When we experience the overwhelming, abundant love of God, like Peter we can do nothing else but fall on our knees and proclaim that we are not worthy of such love and grace. But that's just the point; God meets us where we are and loves us in the fullness of all we can be. God showers us with blessings beyond anything we can ever hope for or imagine, so that we will once and for all be caught by grace; caught and stopped in our tracks, turned around and transformed into the fullness of all God knows we can become.
As Simon stepped out of his boat he stepped into the fullness of who God dreamed he would become. But it was not disconnected from who he had been. The very gifts and skills that he employed in the fruitless effort to secure his own future are the gifts and skills that God wanted to employee in the fruitful endeavor to create a grace-filled future.
Now I've really never liked the image of fishing for people, but perhaps the truth is that fishing was simply the metaphor Jesus used for Simon, because that's what Simon understood, that's what he loved, that's what he did. And so Jesus was simply inviting him to take what he knew and use it in a way that brought more love, more grace, more compassion, more healing and more life into the lives of those people he met.

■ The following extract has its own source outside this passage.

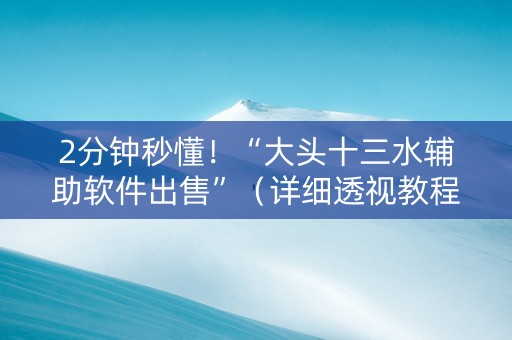 2分钟秒懂！“大头十三水辅助软件出售”（详细透视教程）-哔哩哔哩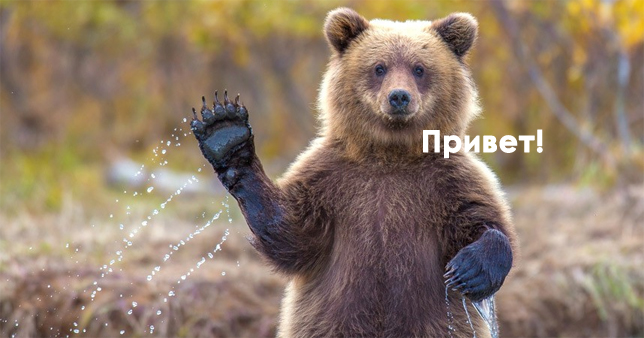 Дизайн без бюджета. Часть первая — визитная карточка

What do you love to do? What brings you joy? How might God want to work through you?
Rev. Terry Fullam, Rector of Saint Paul's Episcopal Church in
"I just don't have any gifts," she declared.
"What do you like to do? What are you really good at?" Fullam asked her.

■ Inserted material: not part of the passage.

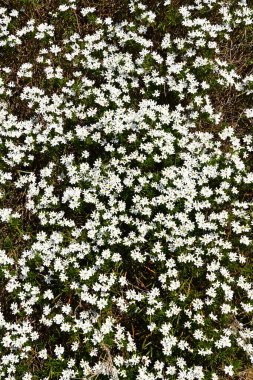 İtalya, Collina 'da Fiori sbocciati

"Well, I like to cook and entertain -- and my husband says I'm good at it," she replied.
"Well think about how God may want you to use your cooking and entertaining," he advised.
Think she did and to make a long story short, this woman founded a feeding ministry which has fed thousands of homeless people.

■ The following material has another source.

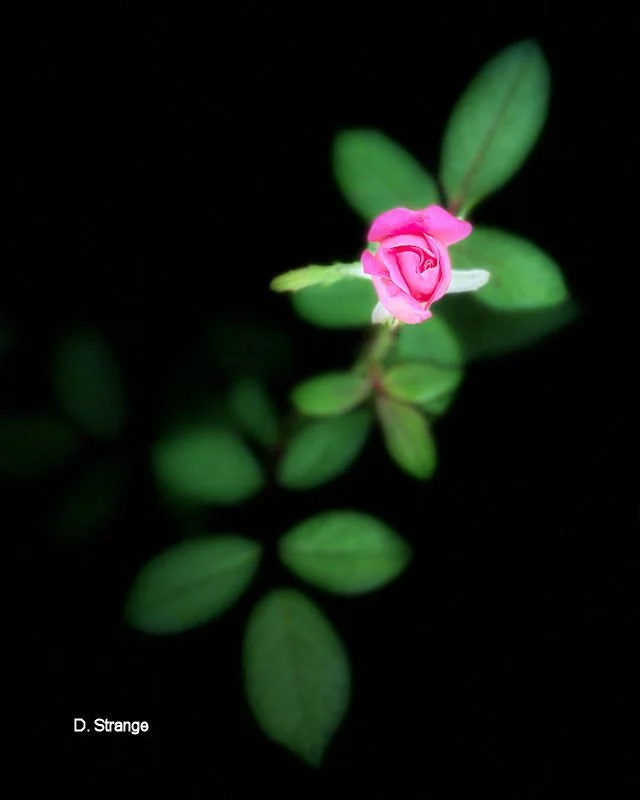 Dstrange-1e-RosebudCrop3356 copy.jpg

In the midst of our tiredness and exhaustion; in the midst of our concerns about finances -our own and this congregation's; in the midst of our frustrations and failures; in the midst of a world that tells us there is never enough, I believe Jesus is here standing by our boat, asking us to set out into deep water, asking us to put down our nets, open our hearts, do all we do with love, trusting that as we give what we have and share who we are we too will be caught by God's abundant grace and we will never be the same. Amen.